Most of us believe everything we say. When we say something we believe it because the spoken word gets charged with energy; it gets charged with power.
This power can be used to hurt and destroy or to empower and heal. How are you using this power on others? But most importantly, how are you using this power on yourself?
Charged vs empty words
Charged words come from the deepest part of you with emotion and vibe. Most of the time positive charged words come from your Soul or from your conscious awareness when you’re paying careful attention to what you’re saying and how you’re saying it, and they always feel good or true to you.
Negative charged words usually come from the rummaging mind especially when there have been unpleasant emotions that the mind has been thinking over and over until they turn in to false monsters.
Neutral or indifferent words are also spoken all the time. Although they’re still words, one can feel they are empty with no charge at all.
The kind of charged words that come out of your mouth are usually directly correlated to how you feel emotionally. If you feel regret, guilt, depression or sadness, most of the words you speak will be charged with those emotions you are feeling. If you feel angry, insecure, annoyed or indifferent, most of the words you speak will be charged with those emotions you are feeling. But if you are feeling optimistic, content, happy, forgiving, wise and loving, most of the words you speak will be charged with those emotions.
So, pay attention to how you’re feeling emotionally before you speak to others, but most importantly, before you speak to yourself.
Use positive charged words to empower and heal yourself
As a powerful creator that you are, you should be paying more attention to what you say to yourself. When you affirm something through words, either positive or negative, it’s like you’re asking the genie in the bottle to make it come true for you, and so your wish is granted. So be careful what you’re asking for.
Knowing the tremendous power you have in your words, should make it easier for you to begin treating yourself better.
How do you call yourself when you make a mistake? Do you say “Oh you dummy!” Or do you say “oh well, that’s interesting”? Notice the charge of self-blame in the first response compared to the charge or openness in the second one.
Remember, you’re always who you say you are. Who do you say you are? Take a look at these expressions, slowly read them and pay attention to how each one of them feels in your body:
Did you notice the difference? Did you notice how each one feels? If you have a strong connection with your Self, you must have had a kick in the stomach every time you affirmed the negative charged expressions. That bad feeling is a sign of your true Self not agreeing with that affirmation.
Once you know this information you cannot help it but be more conscious of what you say to yourself. So, make sure you are kind and compassionate to yourself please, this is another way of showing love for your Self.
Remember, you are your most precious possession, so how are you going to treat yourself? What are you going to say to yourself?
It will take time but with minute-by-minute practice you will become a master of your own words and a master of your own feelings. Do not rely on others to hear what you need to hear, they’re already struggling with their own war of words in their minds.
Use positive charged words to empower and heal others
Now that you know how to be kind and compassionate to yourself, you can then reach out and help others. Although the best way to help others is to show them through your example that it is possible to have a good life, still some of them might come to you for some words.

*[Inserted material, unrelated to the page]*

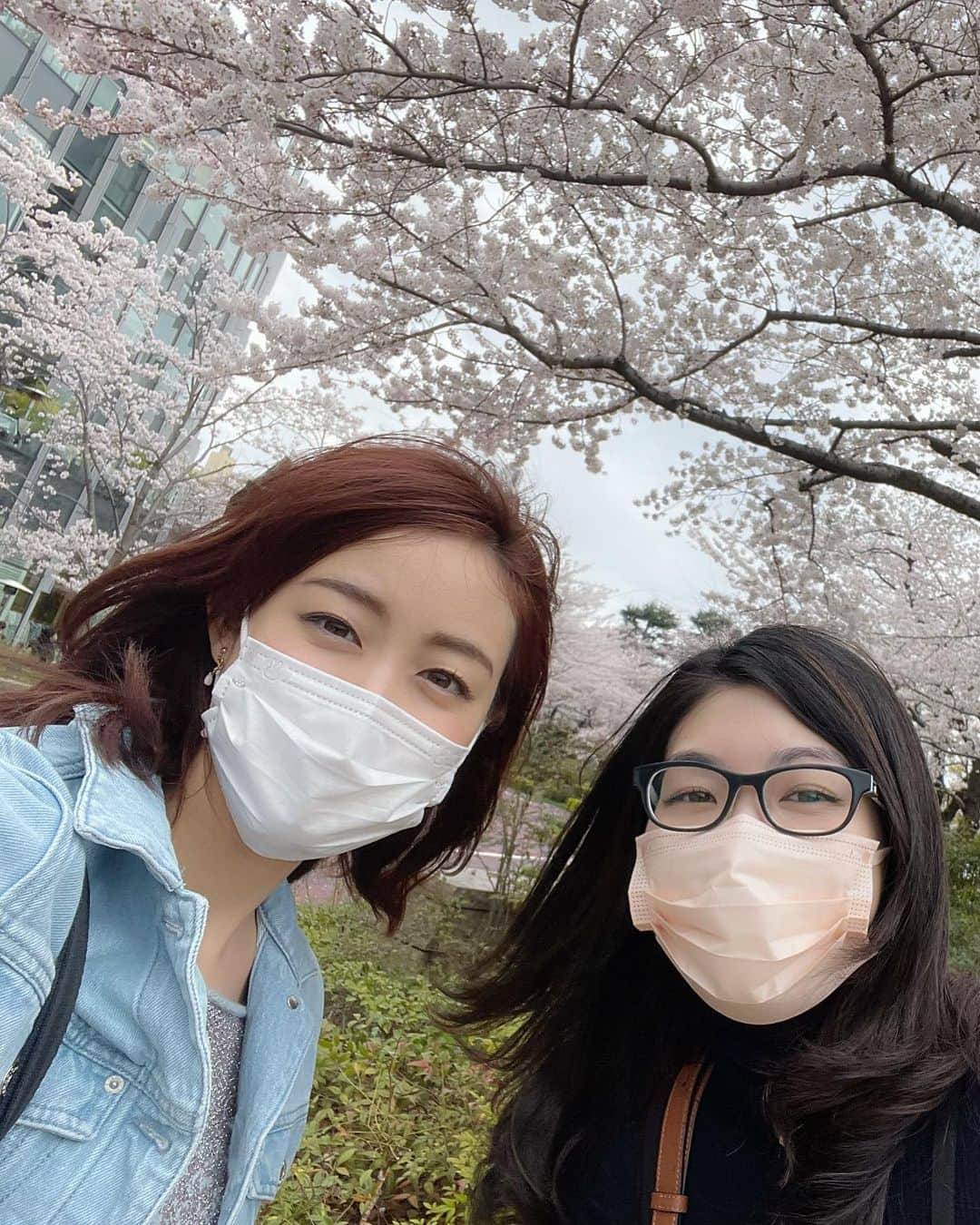 新井恵理那さんのインスタグラム写真 - (新井恵理那Instagram)「シリーズ「密か」10  密かな花見 密かにその友と"見た"夏の夜  今年は、友とも、母とも、桜を見られました♪ もう懐かしい感じがするなぁ♪  想像が広がって気持ちが変わる、いい出会いがありました♪  #ゴールデンウィーク  #蓄積していたプライベートをお見せしてみる #密か #新井恵理那 #centforce」4月29日 17時03分 - elina_arai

When this happens, make sure that you use the same evaluation method, the feeling in your gut, to determine the charge of the words you are offering to them.
I also recommend you to pay attention to the charge of their words more than to what they’re saying. Do not go about judging, criticizing or bring them out in the open, but with patience, kindness and compassion, and only when they ask you to, you’re going to translate to them the energy of what you are hearing.
Maybe they don’t even realize the energy they’re carrying around themselves and a small reflection from you can help them make a small change in their lives which may help to bring some healing to them. But remember, you have to work on yourself first.
Be careful how you are talking to yourself because you are listening.” —Lisa M. Hayes
Now you know how important and powerful it is to pay attention to how you feel and what you say to yourself, especially when those words can be used to destroy or empower. So, what are you saying to yourself this very moment?